Nu er steeds meer digitaal wordt afgehandeld wordt het voor digiboeven ook steeds interessanter die digitale apparatuur ten eigen bate te kraken. Een van de belangrijkste elementen in digitale veiligheid, het telefoonnummer, blijkt uiterst gemakkelijk te stelen. Als de krakerboef eenmaal zover is kan hij/zij ook zaken doen, bijvoorbeeld door je bitcoinrekening te plunderen (als je die hebt, uiteraard).
In een toenemend aantal gevallen hebben criminele krakers telefoonbedrijven gevraagd het telfoonnummer van een slachtoffer over te zetten op een apparaat van de kraker. Als die criminele kraker eenmaal de zeggenschap heeft dan kan ie ook wachtwoorden veranderen. Ik vraag me dan af op welke gronden, dit is een Amerikaans verhaal, die telefoonbedrijven hun medewerking verlenen. Bovendien, denk ik dan, is dan ook de naam van de onverlaat bekend (of ben ik nou erg naïef?).

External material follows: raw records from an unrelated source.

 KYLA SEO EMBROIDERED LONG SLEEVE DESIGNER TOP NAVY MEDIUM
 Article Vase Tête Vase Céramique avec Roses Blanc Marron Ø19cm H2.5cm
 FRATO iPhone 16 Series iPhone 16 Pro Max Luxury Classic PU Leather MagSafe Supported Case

“Mijn iPad herstartte, mijn telefoon en computer. Het koude zweet brak me uit: Dit is ernstig“, zegt Chris Burniske die investeert met virtuele munteenheden als bitcoin. Eind vorig jaar raakte hij de zeggenschap over zijn telefoonnummer kwijt. Volgens de Federale Handelscommissie stijgt het aantal telefoonkapingen. In januari 2013 waren er ruim duizend van zulke gevallen, in januari 2016 ruim 2600.

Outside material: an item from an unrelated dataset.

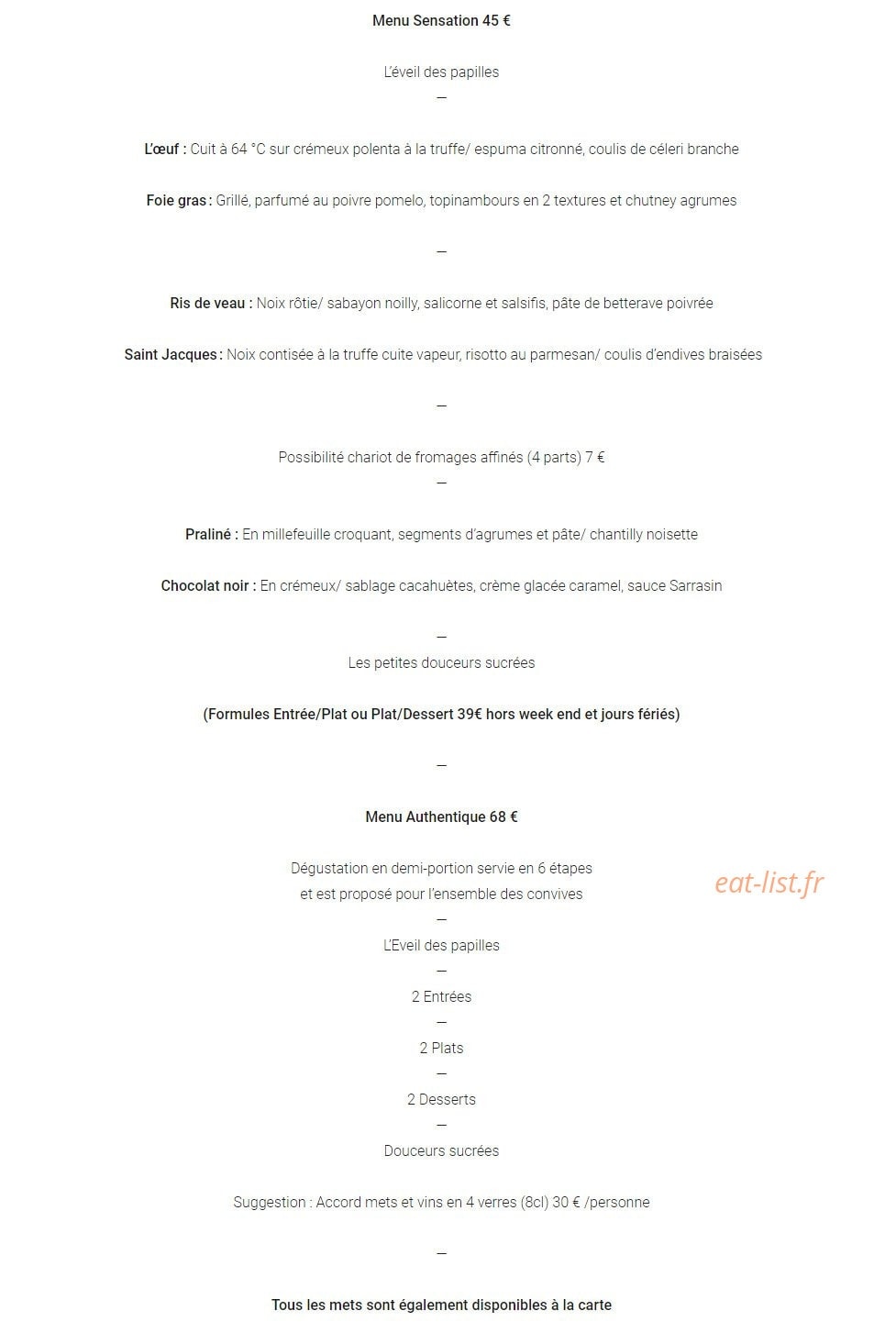 Rest' Authentique — carte page 2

Het lijkt er op dat vooral mensen met een bitcoin- of aanverwante rekening het slachtoffer van de aanval waren, mensen zoals Burniske. Een paar minuten nadat ze de controle over zijn telefoon hadden, hadden de criminele krakers het wachtwoord van zijn bitcoinportefeuille vervangen en liep de rekening leeg: zo’n 150 000 dollar verdween. Niet iedereen loopt daarmee te koop, maar er zijn er meer als Burniske. “Iedereen die ik ken in de cryptovalutasfeer is zijn/haar telefoonnummer kwijt”, zegt bitcoinondernemer Joby Weeks. Hij verloor eind vorig jaar zijn telefoonnummer en zo’n miljoen dollar, ondanks dat hij zijn telefoonmaatschappij had gevraagd voor extra beveiliging, nadat zijn vrouw en ouders de zeggenschap over hun telefoon kwijt waren geraakt.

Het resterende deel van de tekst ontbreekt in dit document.